February 2020

We’re nearly two months into the new year. The new decade. It’s 2020! And I wonder if we’ve seen any noticeable changes in our lives.

Has anyone started healthy eating habits, experienced weight loss, developed any new disciplines, broken any bad habits, started a new job, picked up a new hobby?

We hear slogans like “New Year, New Me! This is gonna be the best year ever!”

And I wonder if we have high hopes and expectations for this year because of the ho-hum experience of last year?

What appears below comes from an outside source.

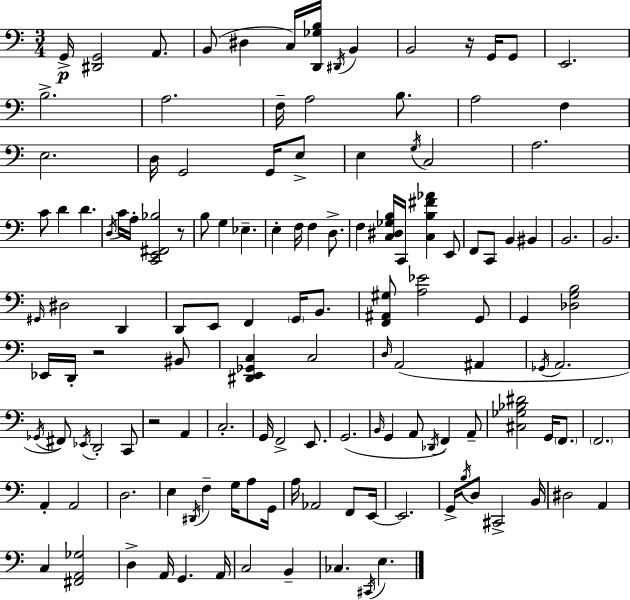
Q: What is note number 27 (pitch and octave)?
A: A3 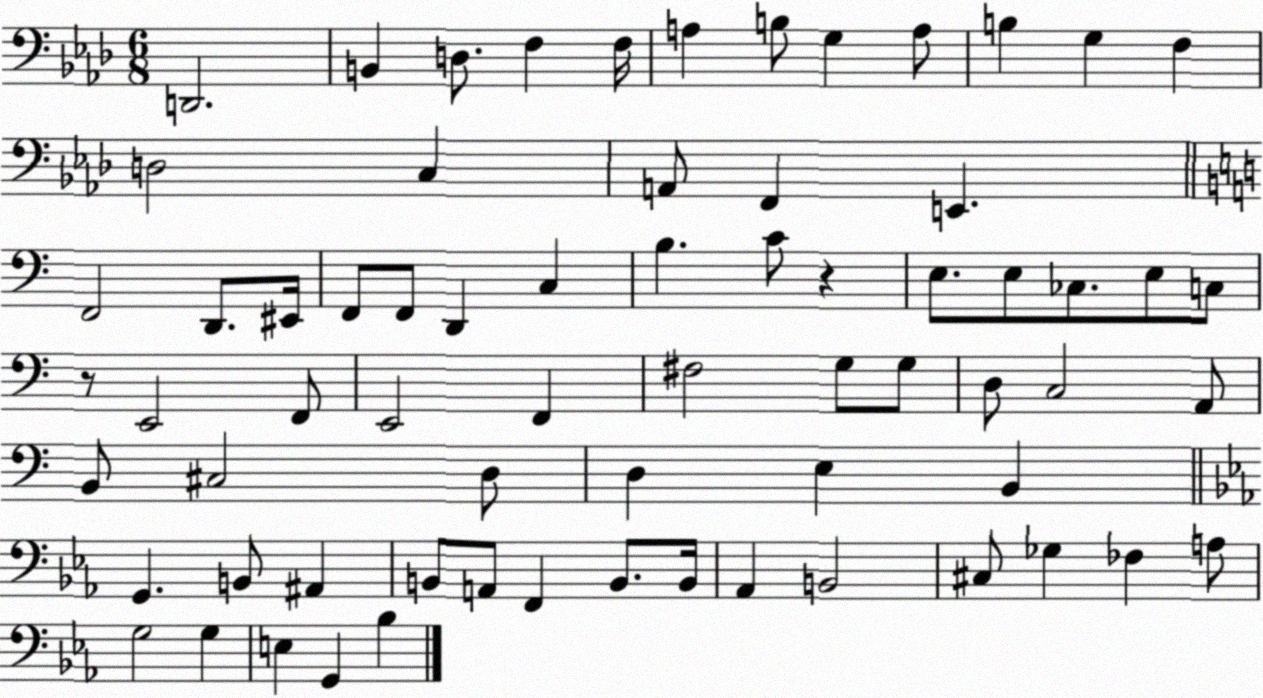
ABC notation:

Or even the last few years?

The trajectory of our lives will follow a similar pattern of where we’ve already been without making some adjustments along the way.

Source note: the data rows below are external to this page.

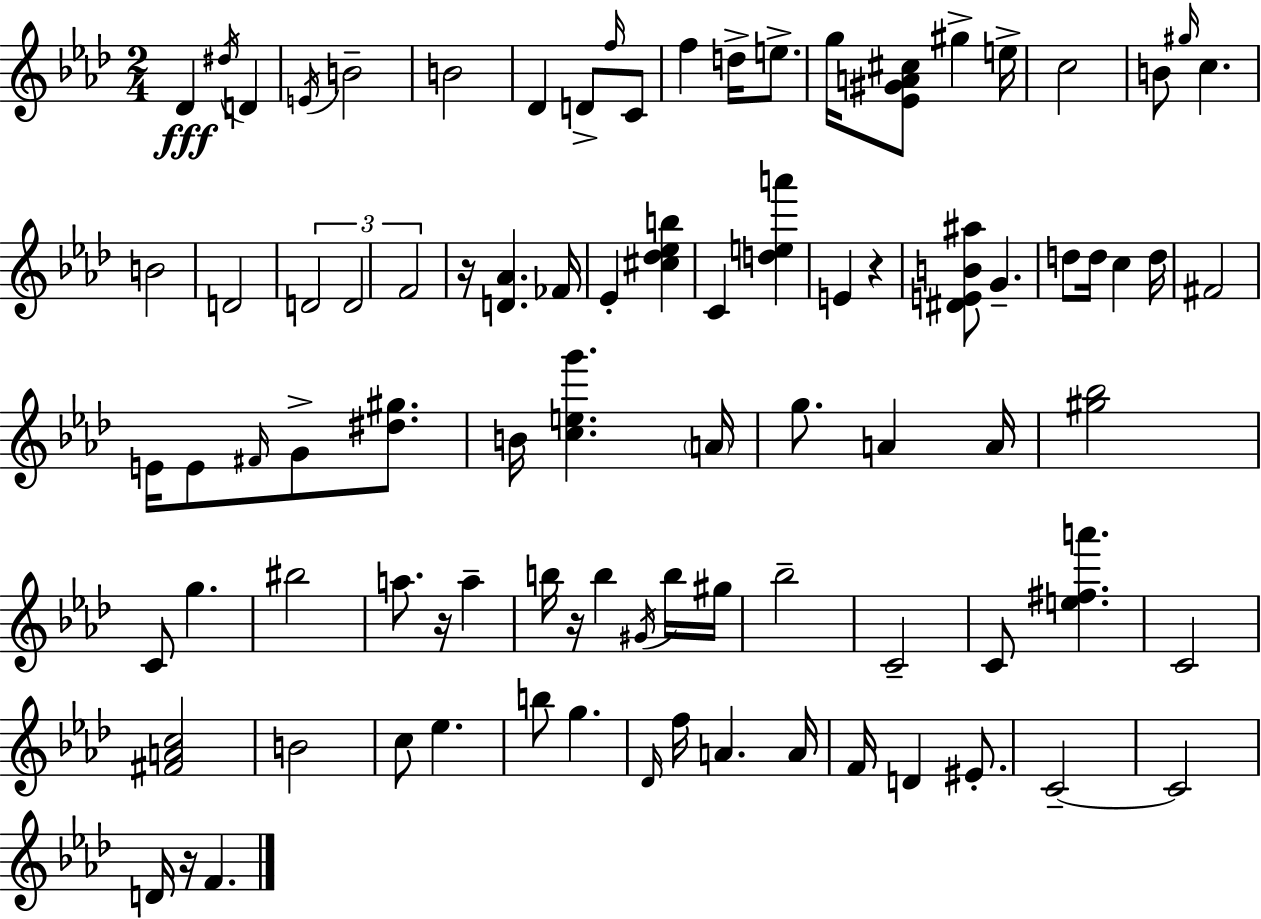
{
  \clef treble
  \numericTimeSignature
  \time 2/4
  \key aes \major
  des'4\fff \acciaccatura { dis''16 } d'4 | \acciaccatura { e'16 } b'2-- | b'2 | des'4 d'8-> | \break \grace { f''16 } c'8 f''4 d''16-> | e''8.-> g''16 <ees' gis' a' cis''>8 gis''4-> | e''16-> c''2 | b'8 \grace { gis''16 } c''4. | \break b'2 | d'2 | \tuplet 3/2 { d'2 | d'2 | \break f'2 } | r16 <d' aes'>4. | fes'16 ees'4-. | <cis'' des'' ees'' b''>4 c'4 | \break <d'' e'' a'''>4 e'4 | r4 <dis' e' b' ais''>8 g'4.-- | d''8 d''16 c''4 | d''16 fis'2 | \break e'16 e'8 \grace { fis'16 } | g'8-> <dis'' gis''>8. b'16 <c'' e'' g'''>4. | \parenthesize a'16 g''8. | a'4 a'16 <gis'' bes''>2 | \break c'8 g''4. | bis''2 | a''8. | r16 a''4-- b''16 r16 b''4 | \break \acciaccatura { gis'16 } b''16 gis''16 bes''2-- | c'2-- | c'8 | <e'' fis'' a'''>4. c'2 | \break <fis' a' c''>2 | b'2 | c''8 | ees''4. b''8 | \break g''4. \grace { des'16 } f''16 | a'4. a'16 f'16 | d'4 eis'8.-. c'2--~~ | c'2 | \break d'16 | r16 f'4. \bar "|."
}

I remember Andy Stanley’s quote, “decisions, not intentions, will determine our destination.” We can have the best intentions but until some of the already formed attitudes woven deep inside of us are broken we will continue the same cycle of living we’ve always experienced.

Situations and circumstances may bump us off the path but we’ll gradually crawl back into those familiar spaces if left alone.

Situations like cancer, divorce, losing a job, a wayward child, or financial struggles; no one is asking for that but what if any one of those experiences is laying in the path of this year’s journey? That’d be terrible, I’m not gonna lie!

Here’s what I wonder…Would bumping into any of these difficult situations actually ruin us in the long run? I’m not asking for it to happen to anybody. But, inevitably, it will happen to somebody.

What if 2020 isn’t filled with a fat pocketbook, a job promotion, a long awaited pregnancy, a dream vacation, or the wedding you’ve always wanted?

Instead what if the highway paved with great intentions is met with potholes and sudden surges of falling rock that is creating a landslide in everybody else’s eyes about your life?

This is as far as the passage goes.